**Assigned task:** In the listing below, locate the line with "Hello and welcome" and the line with "In Total, you", then output both and everything between them exactly, minus any pictures.

─── Information supplied ───

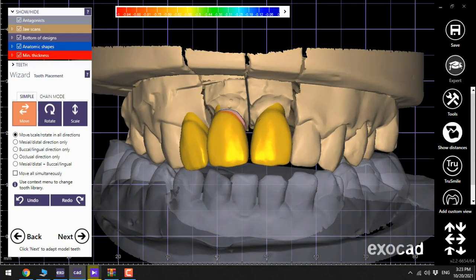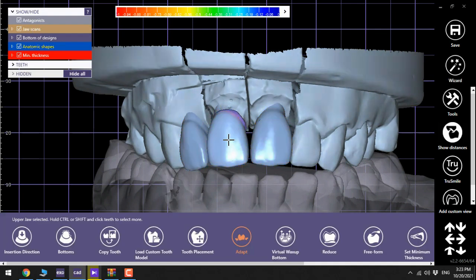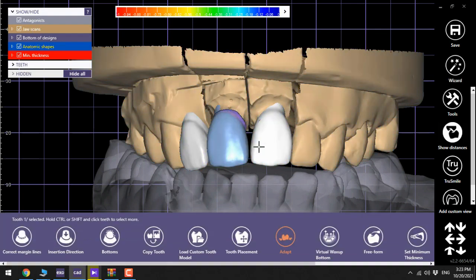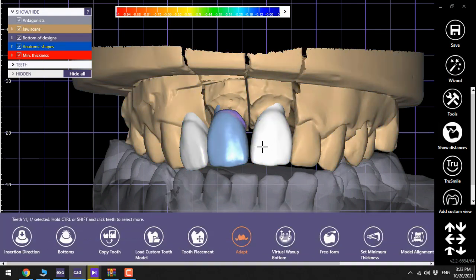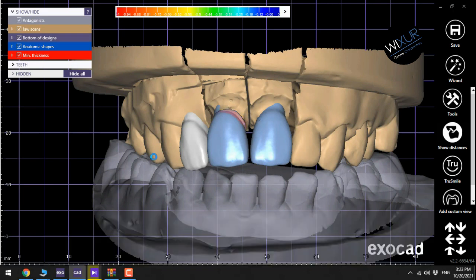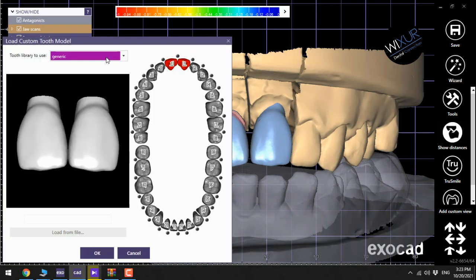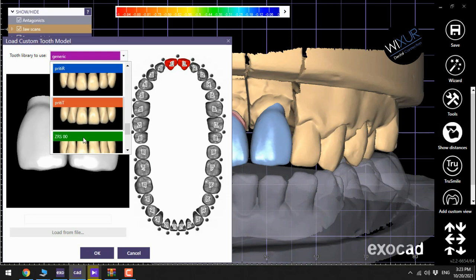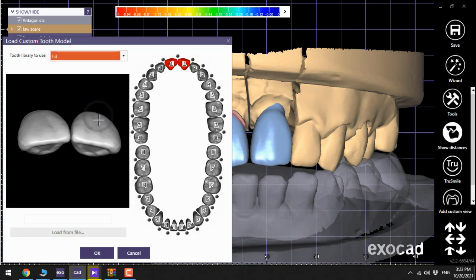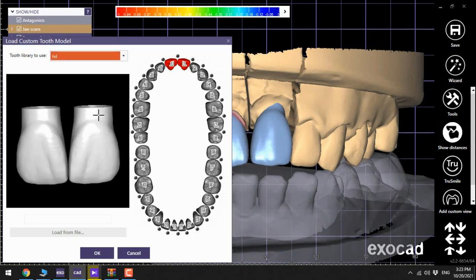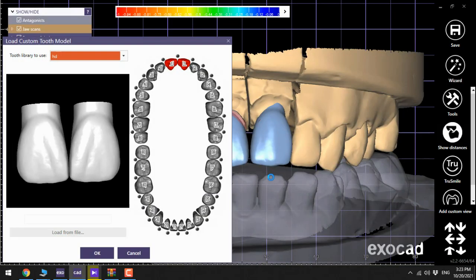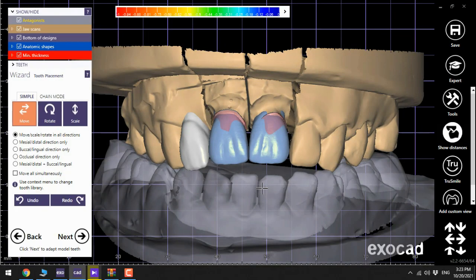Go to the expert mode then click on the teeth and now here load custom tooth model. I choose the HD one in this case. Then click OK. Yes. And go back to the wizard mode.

───
─── Information supplied ───

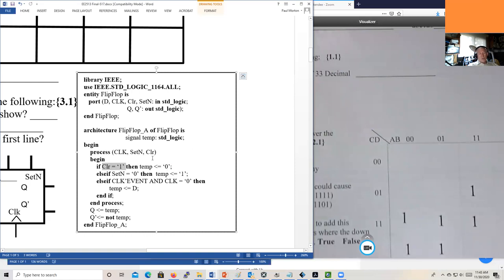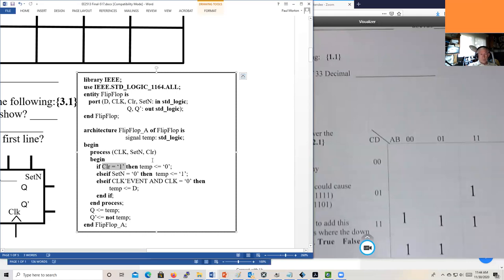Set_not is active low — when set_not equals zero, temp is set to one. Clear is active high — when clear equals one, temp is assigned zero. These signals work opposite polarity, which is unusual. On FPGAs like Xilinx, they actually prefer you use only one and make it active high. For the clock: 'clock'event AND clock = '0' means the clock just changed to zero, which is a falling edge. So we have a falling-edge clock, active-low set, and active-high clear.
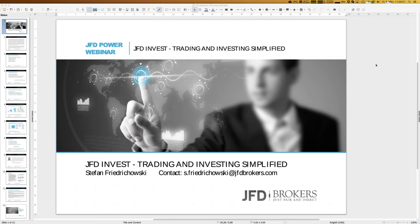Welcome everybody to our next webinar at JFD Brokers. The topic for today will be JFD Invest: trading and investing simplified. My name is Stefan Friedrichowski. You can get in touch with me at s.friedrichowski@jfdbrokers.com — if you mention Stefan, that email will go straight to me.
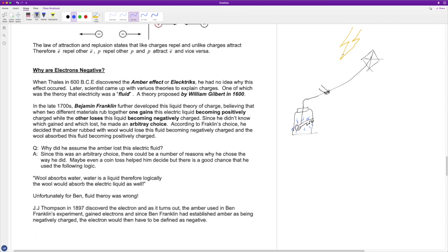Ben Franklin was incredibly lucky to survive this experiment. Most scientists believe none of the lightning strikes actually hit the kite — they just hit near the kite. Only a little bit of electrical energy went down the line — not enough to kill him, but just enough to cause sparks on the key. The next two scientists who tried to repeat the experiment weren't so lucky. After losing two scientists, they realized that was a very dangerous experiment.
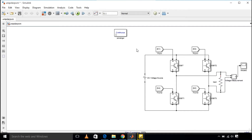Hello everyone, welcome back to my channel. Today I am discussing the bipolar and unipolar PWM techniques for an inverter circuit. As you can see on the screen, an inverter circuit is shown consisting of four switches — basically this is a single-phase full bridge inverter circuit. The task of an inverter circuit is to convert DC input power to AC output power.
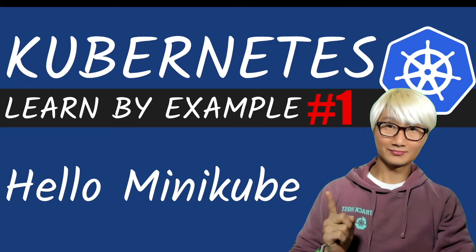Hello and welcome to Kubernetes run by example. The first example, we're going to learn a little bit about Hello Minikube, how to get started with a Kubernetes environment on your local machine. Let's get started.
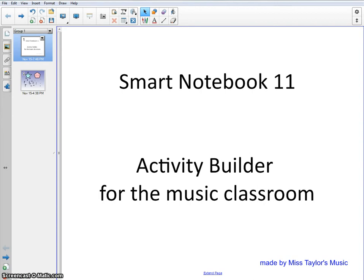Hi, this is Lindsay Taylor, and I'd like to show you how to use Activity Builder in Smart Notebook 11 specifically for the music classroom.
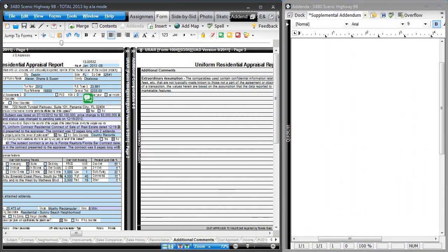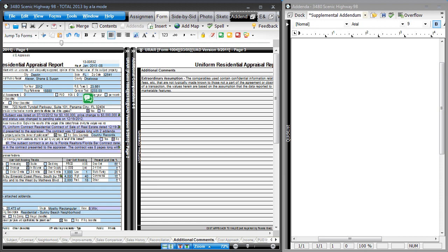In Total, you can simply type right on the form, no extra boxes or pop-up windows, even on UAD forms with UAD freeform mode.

───

**Answer to this task:**
Hello and welcome to Kubernetes run by example. The first example, we're going to learn a little bit about Hello Minikube, how to get started with a Kubernetes environment on your local machine. Let's get started.
Hi, this is Lindsay Taylor, and I'd like to show you how to use Activity Builder in Smart Notebook 11 specifically for the music classroom.
In Total, you can simply type right on the form, no extra boxes or pop-up windows, even on UAD forms with UAD freeform mode.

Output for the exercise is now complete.